Start of Block
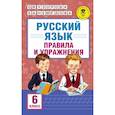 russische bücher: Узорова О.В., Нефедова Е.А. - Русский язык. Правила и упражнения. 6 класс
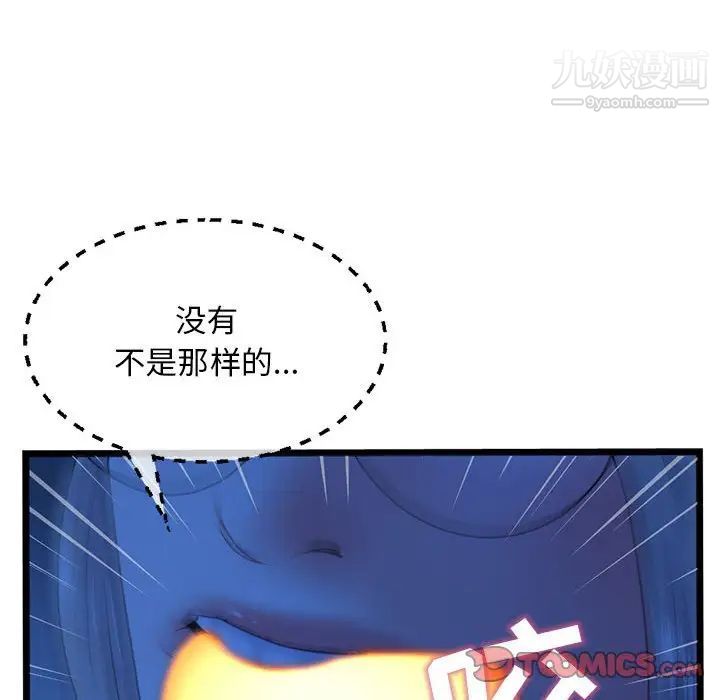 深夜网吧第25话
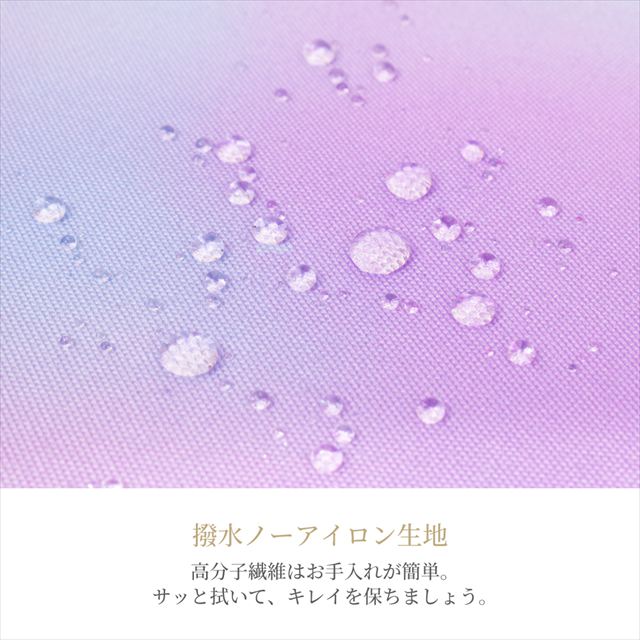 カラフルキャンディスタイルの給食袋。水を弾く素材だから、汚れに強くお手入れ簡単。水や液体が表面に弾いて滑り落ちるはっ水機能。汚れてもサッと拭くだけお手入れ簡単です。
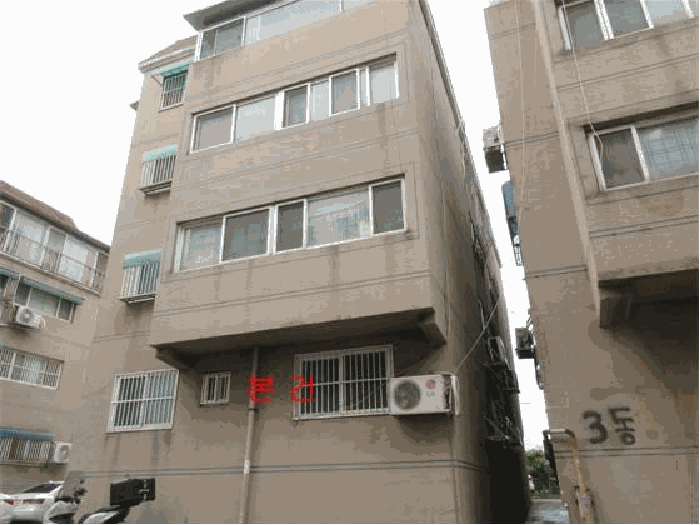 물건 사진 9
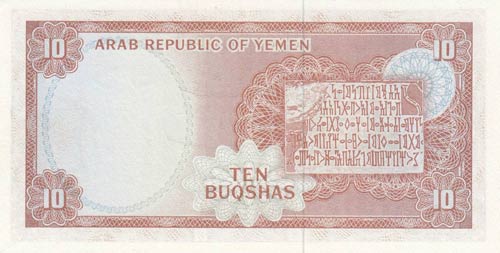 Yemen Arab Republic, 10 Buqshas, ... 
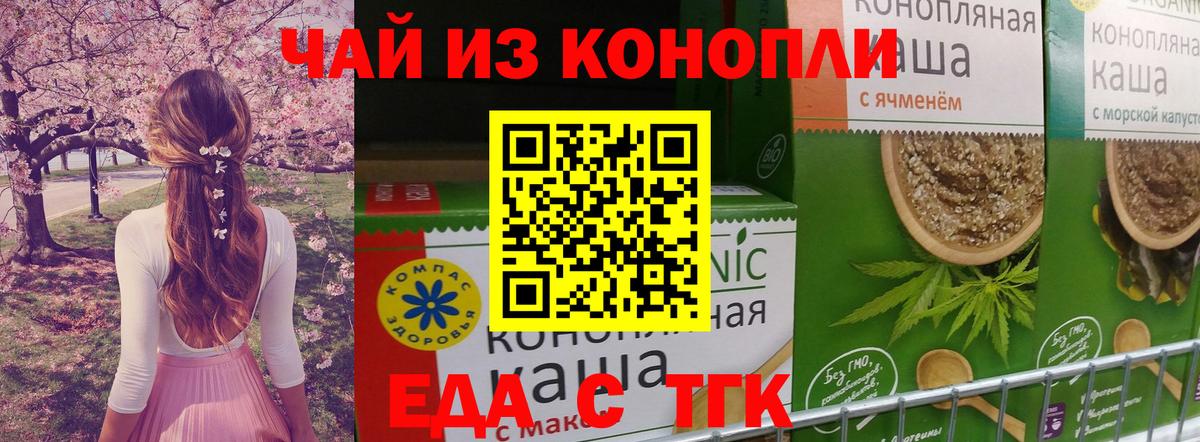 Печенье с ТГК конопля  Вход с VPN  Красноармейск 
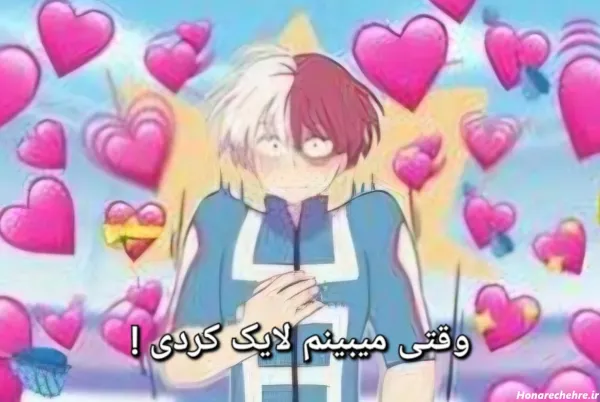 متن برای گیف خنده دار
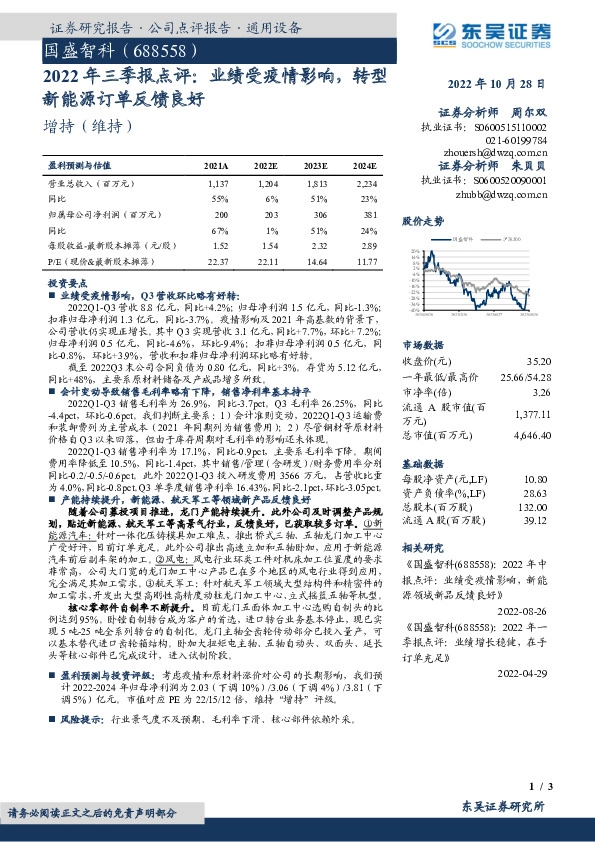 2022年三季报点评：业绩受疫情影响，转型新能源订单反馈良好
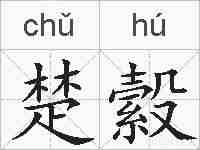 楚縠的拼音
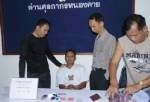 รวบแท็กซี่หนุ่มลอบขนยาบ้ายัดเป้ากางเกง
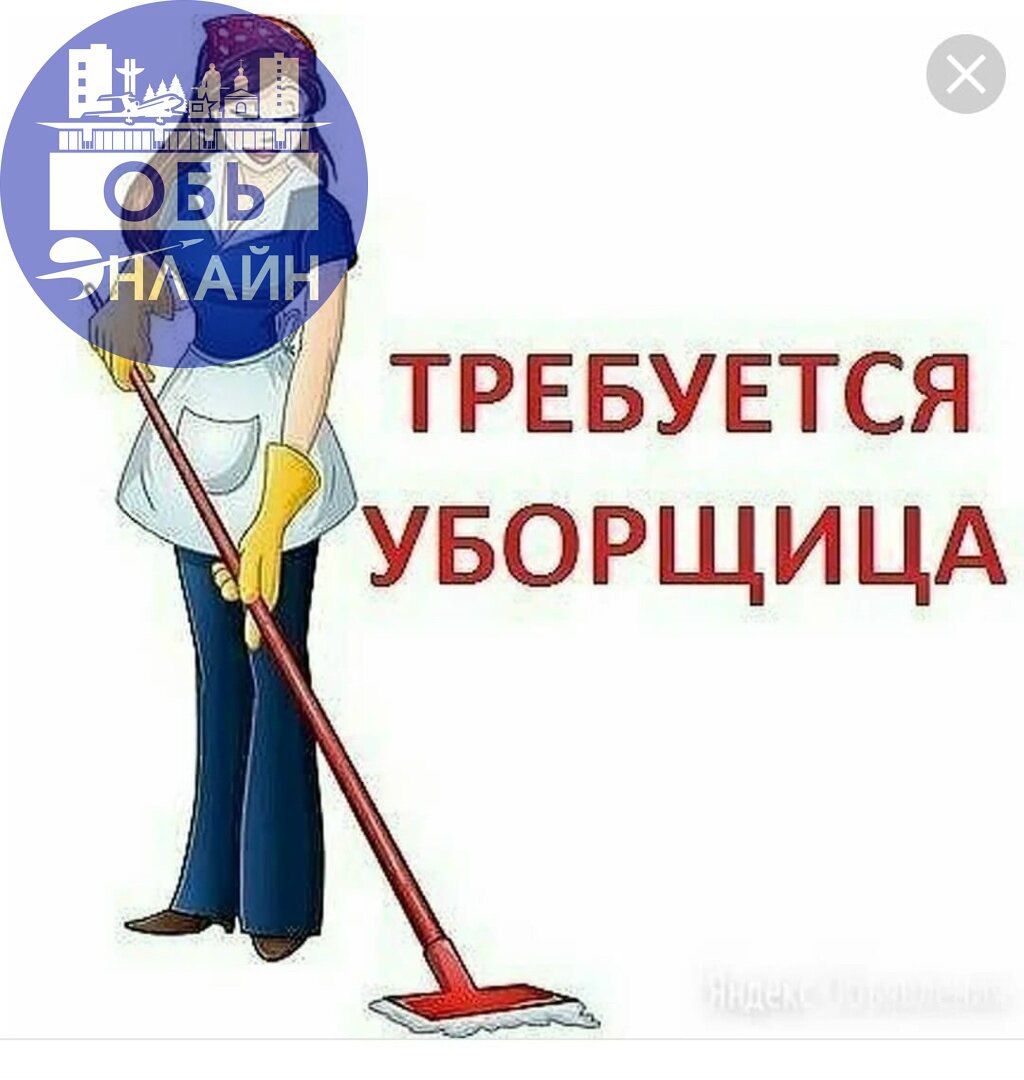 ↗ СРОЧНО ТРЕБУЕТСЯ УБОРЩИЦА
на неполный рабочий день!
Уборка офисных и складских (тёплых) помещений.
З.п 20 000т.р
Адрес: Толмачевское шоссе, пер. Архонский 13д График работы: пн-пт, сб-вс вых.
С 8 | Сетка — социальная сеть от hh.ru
End of Block
> _WORK ORDER_: The required output is every line from the one containing "СРОЧНО ТРЕБУЕТСЯ УБОРЩИЦА" through the last line of the records, inclusive, reproduced exactly and without pictures.

> _WRITTEN SOLUTION_:
 ↗ СРОЧНО ТРЕБУЕТСЯ УБОРЩИЦА
на неполный рабочий день!
Уборка офисных и складских (тёплых) помещений.
З.п 20 000т.р
Адрес: Толмачевское шоссе, пер. Архонский 13д График работы: пн-пт, сб-вс вых.
С 8 | Сетка — социальная сеть от hh.ru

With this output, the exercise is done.